> **REQUIRED WORK**:
Taking the line with "Датчик вентилятора радиатора" as the first and the line with "Adjustable Resistance Hand" as the last, set down the lines below exactly, pictures excluded.

══ GIVEN DATA ══

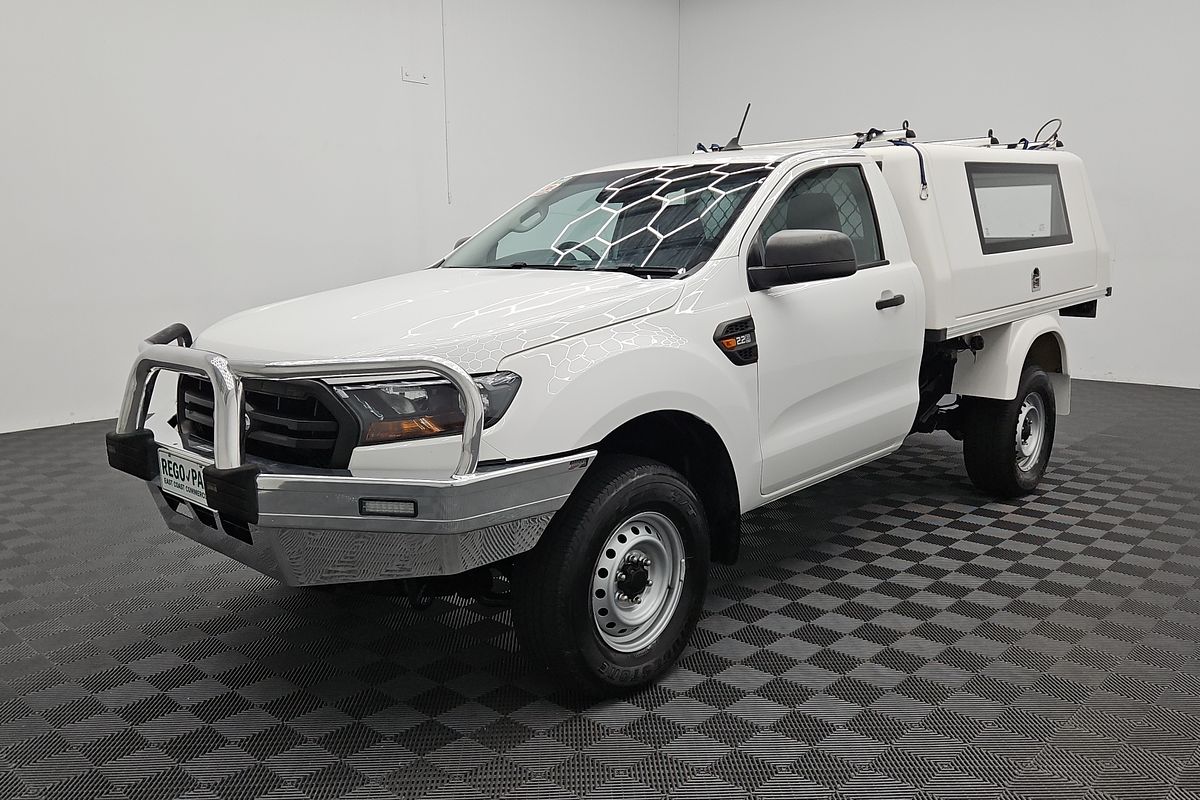 2022 Ford Ranger XL Hi-Rider PX MkIII Rear Wheel Drive 2.2L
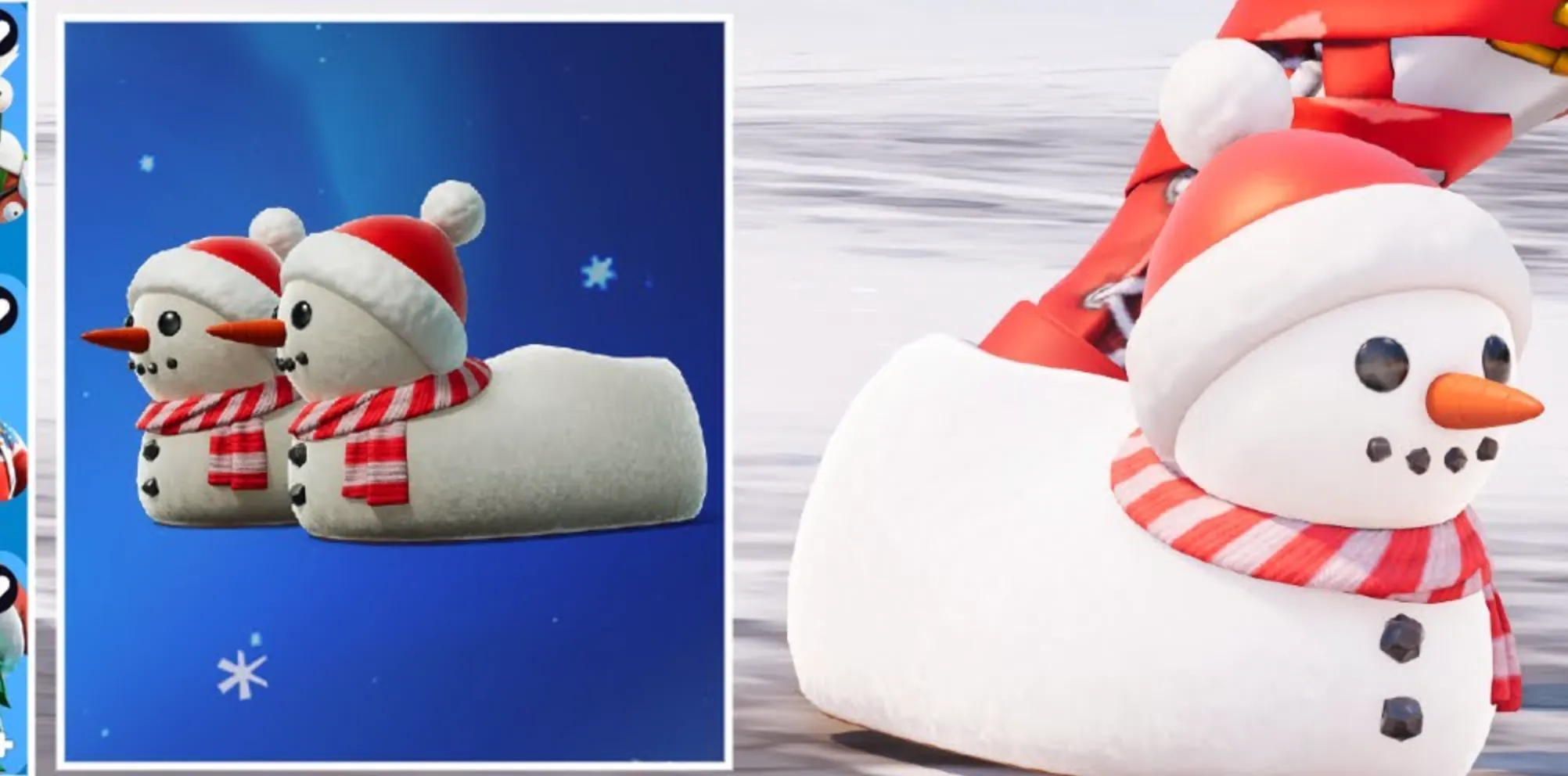 Snow Stompers fortnite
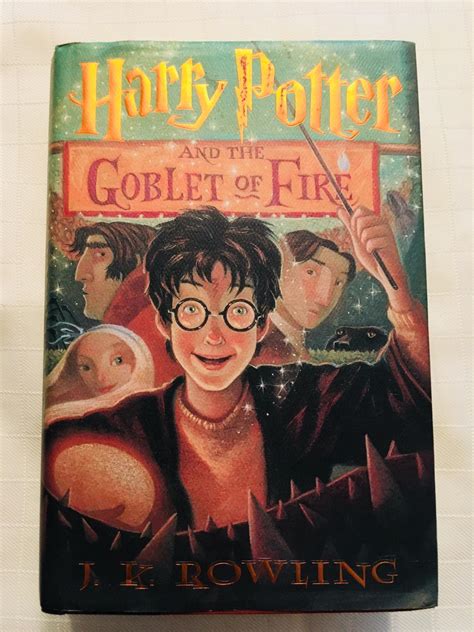 Harry Potter And The Goblet Of Fire First American Edition First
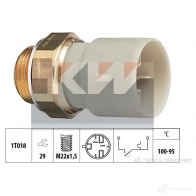 Датчик вентилятора радиатора KW FACET 7.5147 3303828 550147 EPS 1.850.147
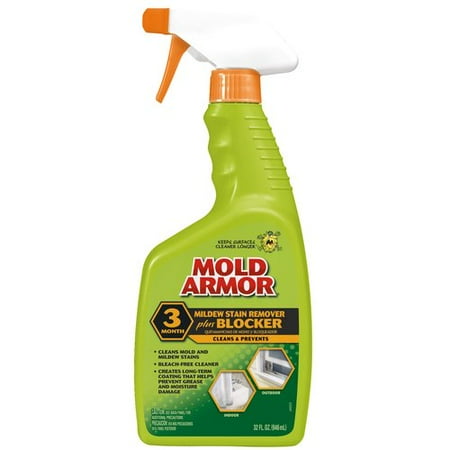 Mold Armor Mold and Mildew Stain Remover and Blocker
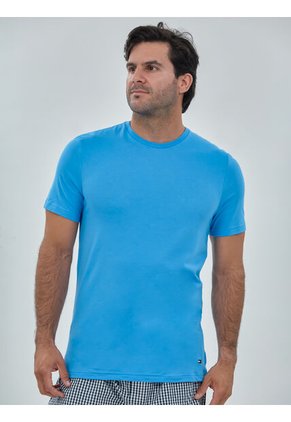 Pack De 3 Camiseta De Cuello Redondo Con Logo Tommy Hilfiger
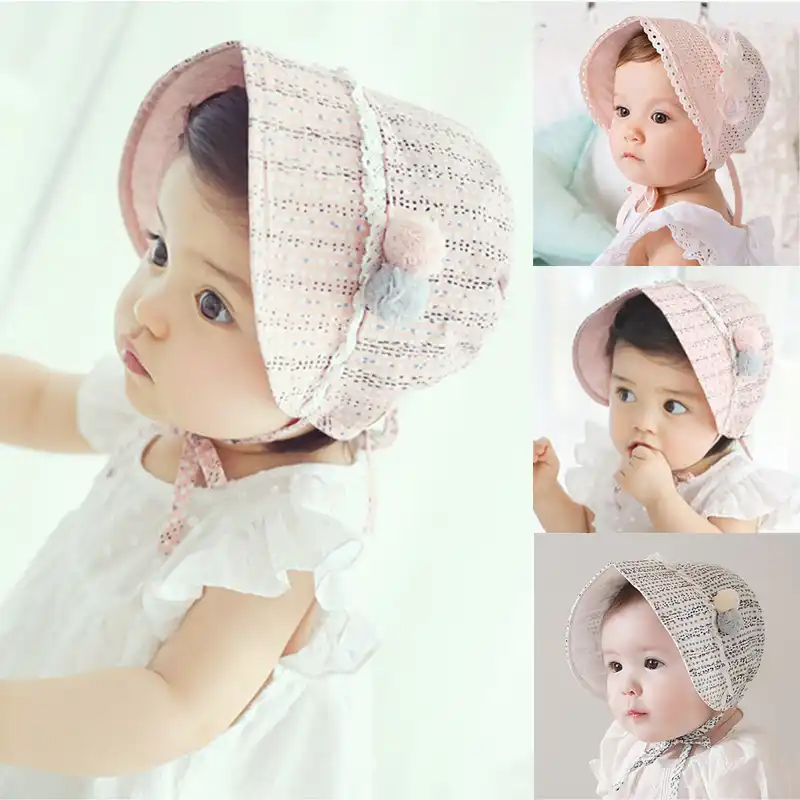 bonnet cap for baby girl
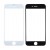 Replacement Front Glass For Apple Iphone 5c White By - Maxbhi Com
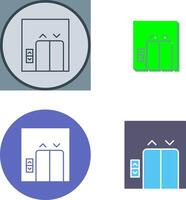 Elevator Icon Design vector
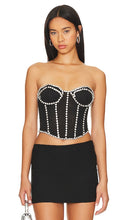 NBD Dayanna Corset Top in Black - NBD - Haut corset Dayanna en noir - NBD Dayanna 黑色紧身胸衣 - NBD Dayanna Korsett-Top in Schwarz - NBD Dayanna 코르셋 탑 블랙 색상 - Top a corsetto NBD Dayanna in nero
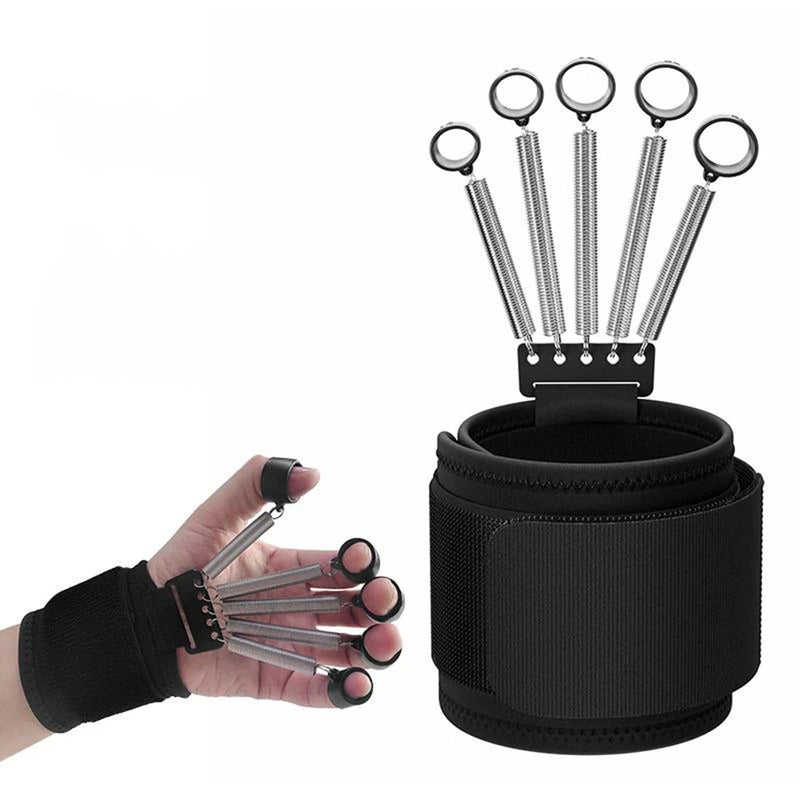 Adjustable Resistance Hand Grip Strength Trainer Muscle Enhancer Fitness Gear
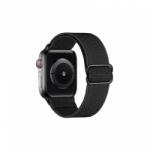 XPRO Apple Watch szövet körpánt Fekete 38mm/40mm/41mm - redmobilshop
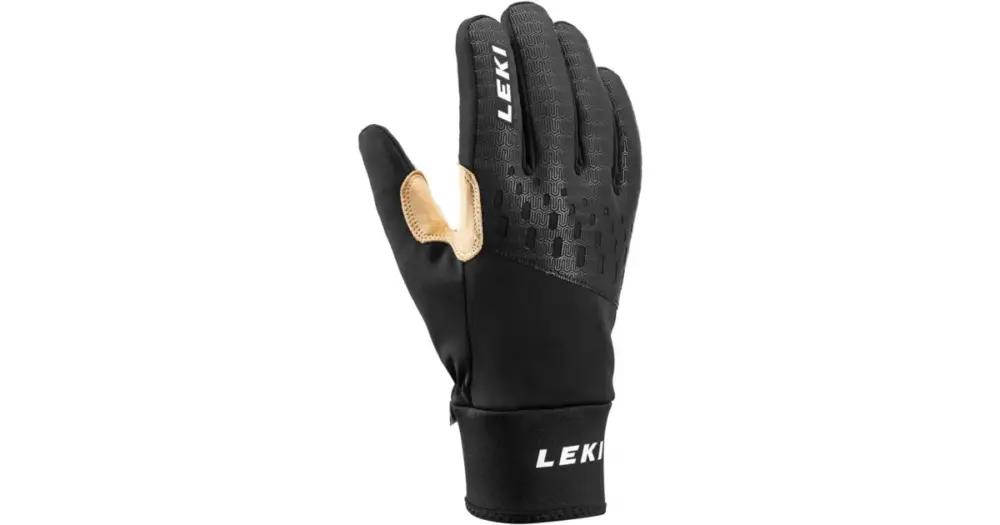 Rukavice LEKI Nordic Thermo Premium Black/Sand Must-Have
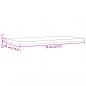Preview: Tischplatten 2 Stk. 70x35x2,5 cm Rechteckig Massivholz Kiefer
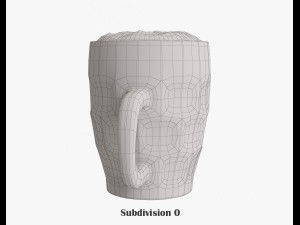 beer stein 3D 모델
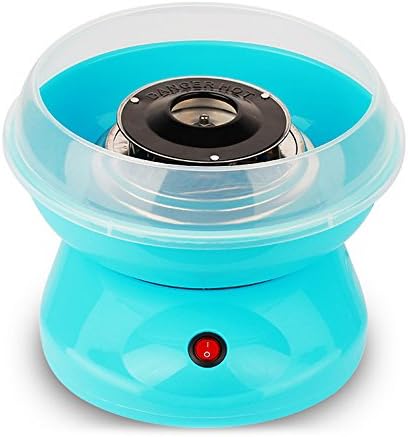 220V Electric Candy Floss Making Machine Cotton Sugar Candy Floss Maker Party DIY (Sky Blue)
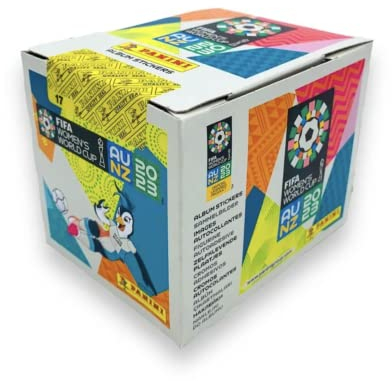 Panini FIFA Femmes Coupe du Monde 2023 – Collection d'autocollants (boîte de 50 sachets)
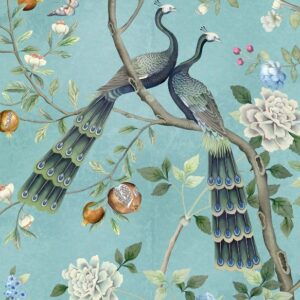 Изображение #31261 Two peacocks
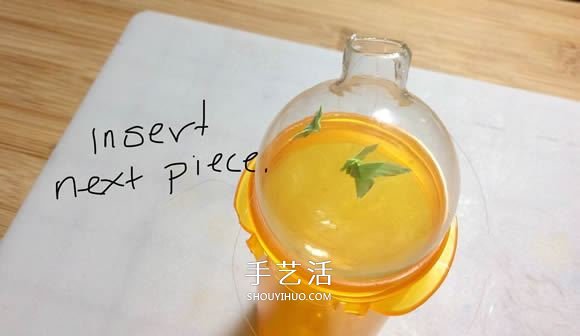 折纸迷你蝴蝶和鸽子 做成精美玻璃装饰品！ -  www.shouyihuo.com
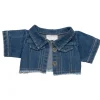 Frayed Denim Jacket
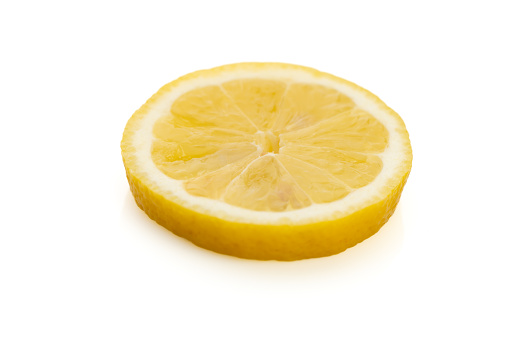 Lemon. Fruit studio shoot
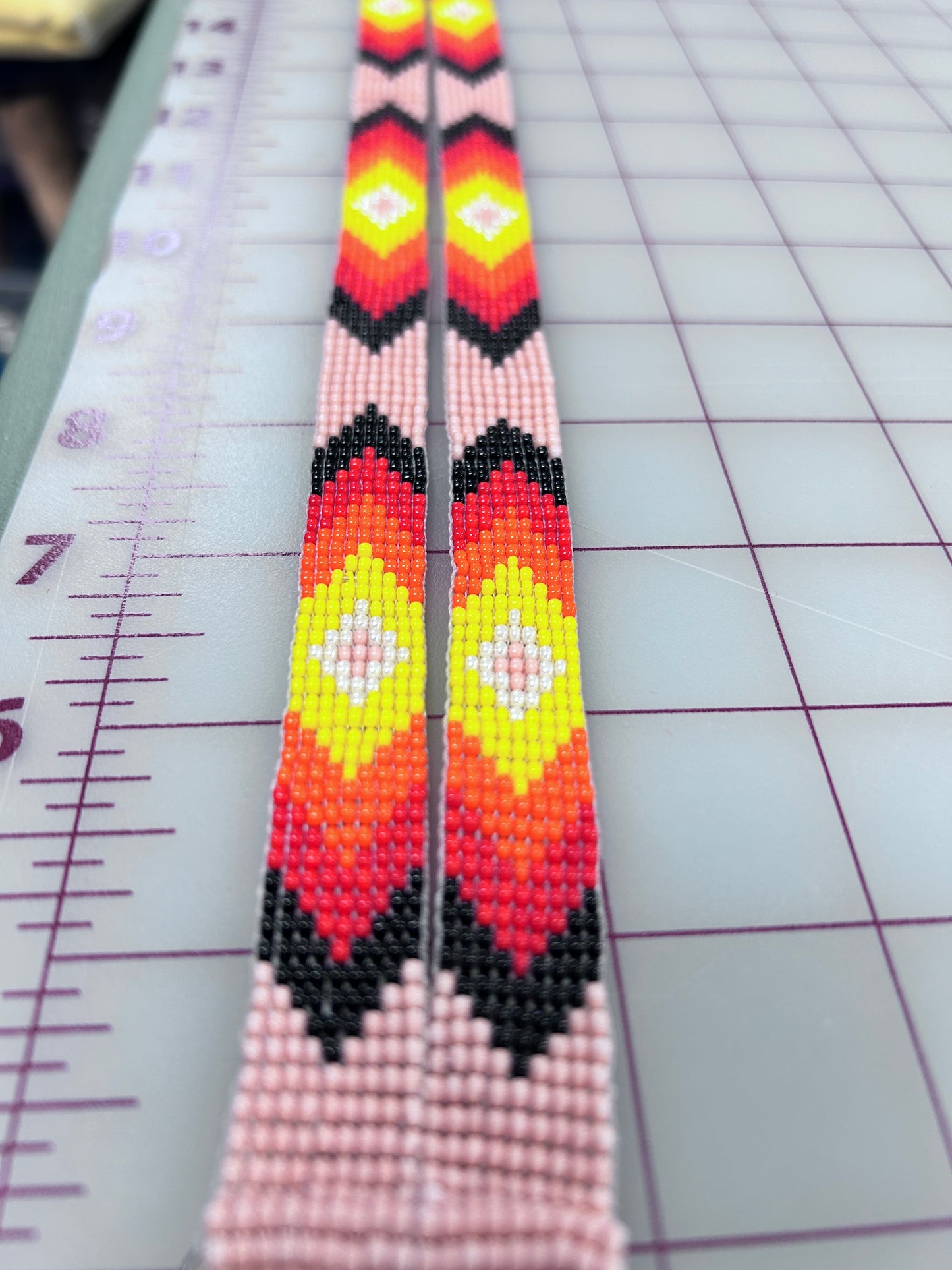 Beaded Lanyards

═══

> **OUTPUT FOR THIS TASK**:
 Датчик вентилятора радиатора KW FACET 7.5147 3303828 550147 EPS 1.850.147
 Mold Armor Mold and Mildew Stain Remover and Blocker
 Pack De 3 Camiseta De Cuello Redondo Con Logo Tommy Hilfiger
 bonnet cap for baby girl
 Replacement Front Glass For Apple Iphone 5c White By - Maxbhi Com
 Elevator Icon Design vector
 NBD Dayanna Corset Top in Black - NBD - Haut corset Dayanna en noir - NBD Dayanna 黑色紧身胸衣 - NBD Dayanna Korsett-Top in Schwarz - NBD Dayanna 코르셋 탑 블랙 색상 - Top a corsetto NBD Dayanna in nero
 Adjustable Resistance Hand Grip Strength Trainer Muscle Enhancer Fitness Gear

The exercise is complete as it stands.